◆ **DATA FOR ANALYSIS**
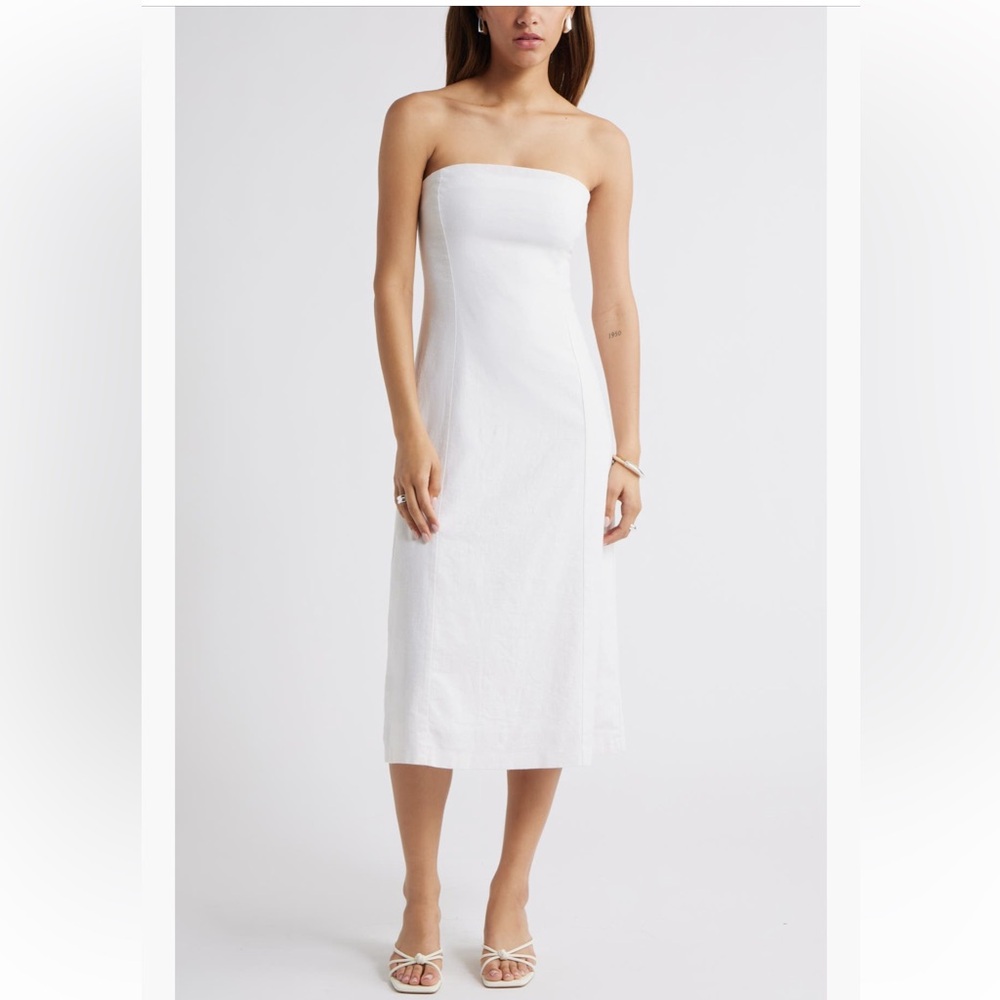 Open Edit - White Strapless linen blend Midi Dress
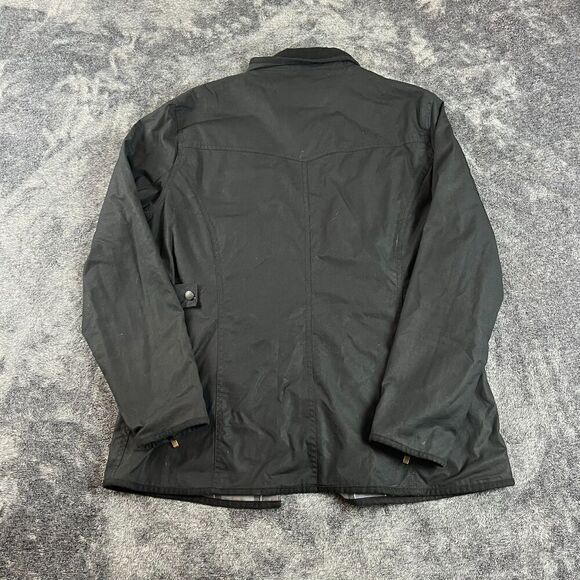 Barbour Waxed Cotton Full Zip Mock Neck Jacket Black Utility Tartan Lined 10 - Picture 11 of 15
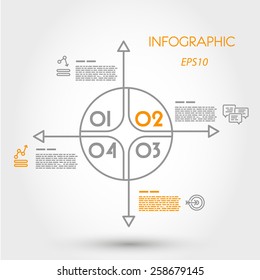 linear infographic ring with arrows. infographic concept.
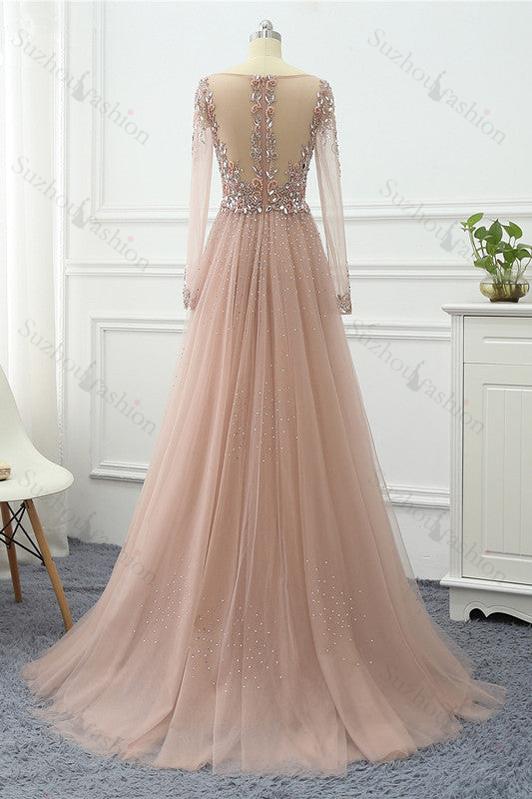 V Neck Long Sleeves Evening Formal Dress Tulle Ruffled With Beading Appliques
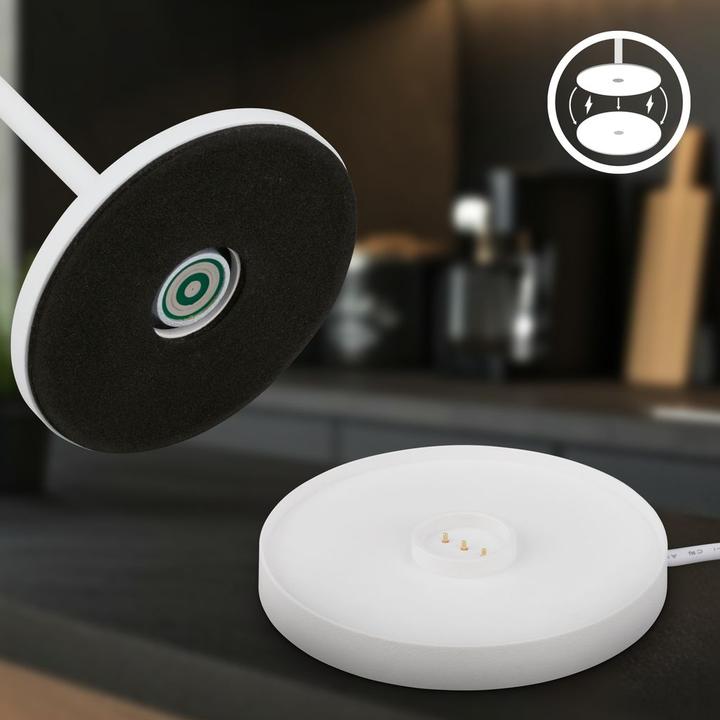 Image du produit Briloner Lampe de table LED rechargeable avec station de recharge, Mini, Touch, Blanc mat (150 lm)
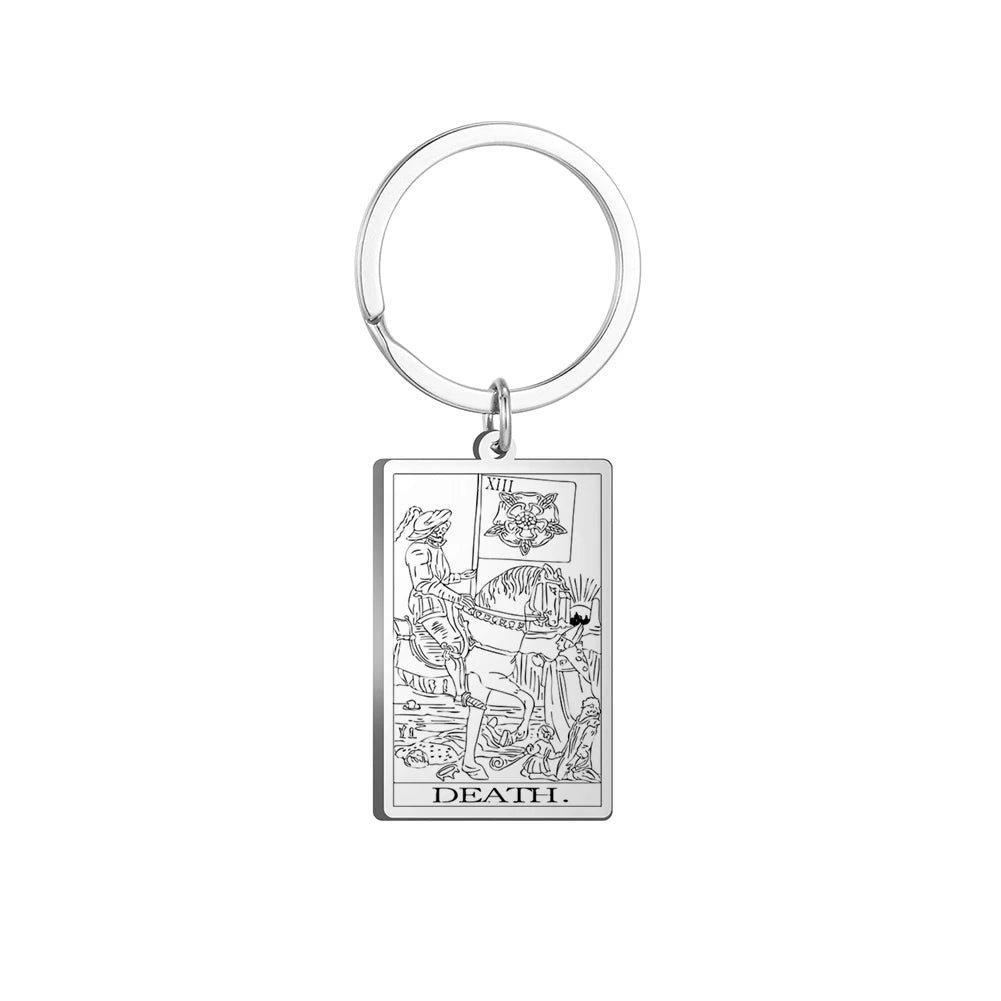 Dawapara Tarot Cards Keychains Stainless Steel Vintage Amulet Good Luck The Major Arcana Keyring Wiccan Jewelry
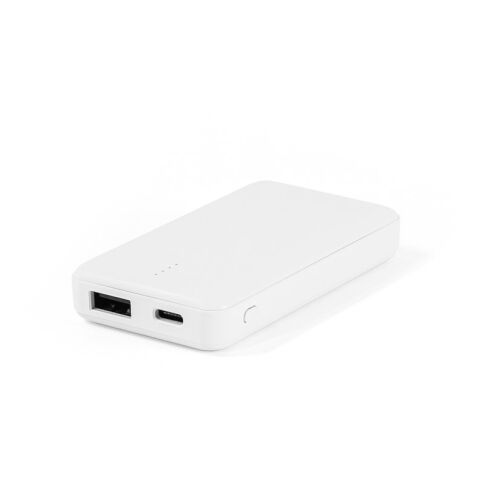Werbeartikel SHERYL. Powerbank 4'000 mAh bei recyceltem ABS (100% rABS) – Weiss – mit Logo bedruckt
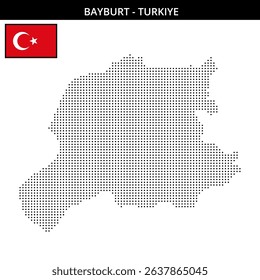 Map outlines Bayburt in a pixelated dot style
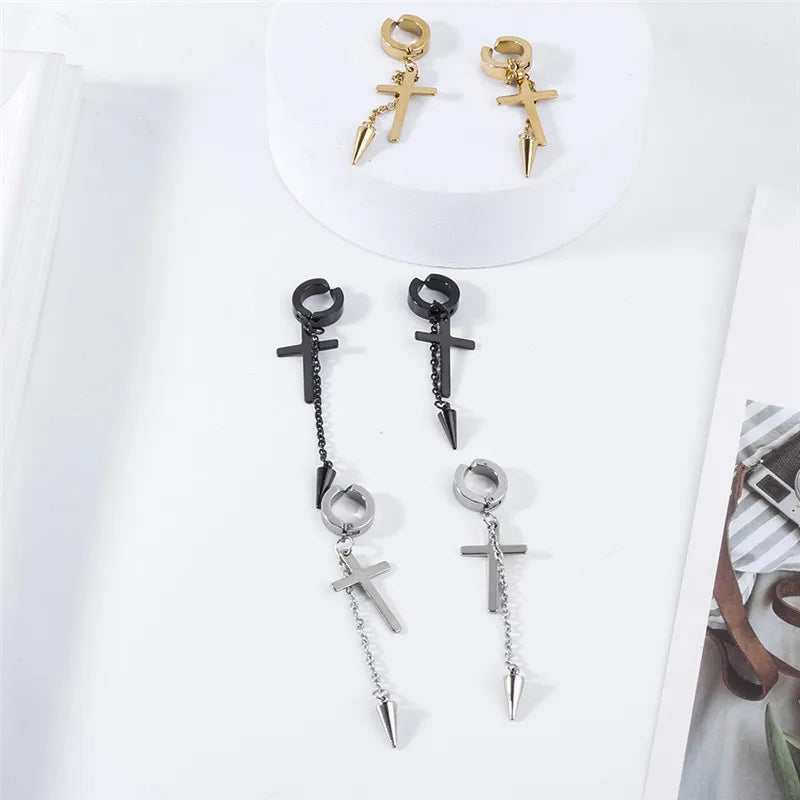 Cross Tassel Earrings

◆ **BRIEF**
Reproduce each entry exactly as given; no pictures, please.

◆ **YOUR RESPONSE**
 Open Edit - White Strapless linen blend Midi Dress
 Barbour Waxed Cotton Full Zip Mock Neck Jacket Black Utility Tartan Lined 10 - Picture 11 of 15
 linear infographic ring with arrows. infographic concept.
 V Neck Long Sleeves Evening Formal Dress Tulle Ruffled With Beading Appliques
 Image du produit Briloner Lampe de table LED rechargeable avec station de recharge, Mini, Touch, Blanc mat (150 lm)
 Dawapara Tarot Cards Keychains Stainless Steel Vintage Amulet Good Luck The Major Arcana Keyring Wiccan Jewelry
Werbeartikel SHERYL. Powerbank 4'000 mAh bei recyceltem ABS (100% rABS) – Weiss – mit Logo bedruckt
 Map outlines Bayburt in a pixelated dot style
 Cross Tassel Earrings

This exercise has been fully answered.